Please try:
Option#1:
df1 = df.sort_values(['IMAGE_NAME','REF'], ascending=False)
df1 = df1.groupby('IMAGE_NAME').agg({'DETECTEDTEXT' : ' '.join , 'REF': 'last','CONFIDENCE':'last'}).reset_index()[['IMAGE_NAME','REF','CONFIDENCE','DETECTEDTEXT']]
df1.loc[df1['REF'].isnull(), 'CONFIDENCE'] = np.NaN
df1.rename(columns={'DETECTEDTEXT':'ALL_TEXT'},inplace=True)
Option#2
df1 = df.fillna('0')
df1 = df1.groupby('IMAGE_NAME').agg({'DETECTEDTEXT' : ' '.join , 'REF': 'max'}).reset_index()
df1 = df1.merge(df,on=['IMAGE_NAME','REF'], how='left')[['IMAGE_NAME','REF','CONFIDENCE','DETECTEDTEXT_x']]
df1 = df1.rename(columns={'DETECTEDTEXT_x' : 'ALL_TEXT'})

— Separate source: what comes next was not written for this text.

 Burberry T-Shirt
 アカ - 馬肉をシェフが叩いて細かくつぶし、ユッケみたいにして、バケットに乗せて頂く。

df1['REF'] = df1.REF.replace('0',np.NaN)
Both Prints:
IMAGE_NAME REF CONFIDENCE ALL_TEXT
0 14.jpeg 9b01dc1e 98.488983 INY 9:36 MICKEYD19 Ln ADULT
1 15.jpeg NaN NaN Ln ADULT
Input df:
DETECTEDTEXT CONFIDENCE IMAGE_NAME REF ALL_TEXT
0 INY 73.215164 14.jpeg NaN NaN
1 9:36 91.633514 14.jpeg NaN NaN
2 MICKEYD19 89.422897 14.jpeg NaN NaN
3 Ln 59.588081 14.jpeg NaN NaN
4 ADULT 98.488983 14.jpeg 9b01dc1e NaN
5 Ln 59.588081 15.jpeg NaN NaN
6 ADULT 98.488983 15.jpeg NaN NaN
Option#1:
Option#1 is more elegant and came to me after I wrote Option#2. Just sorting the IMAGE_NAMe & 'REF' combo and using groupby.
Option#2:
First replacing all NaNs to zeros for ease of calculation,the groupby with 'REF' : 'MAX returns 9b01dc1e for 14.jpeg and 0 for 15.jpeg. Now using pd.merge, pick the 'confidence' score corresponding to those REF values. For 14.jpeg, it returns the correct match for 9b01dc1e from original df and for 15.jpeg, it returns NaN since there is no match for 0 in the original df. So we get the required input.
Note:
The code may need some changes if you can have multiple not null REF values for the same image. If so, we might have to do some other pre-processing as well. Other than that, this should work.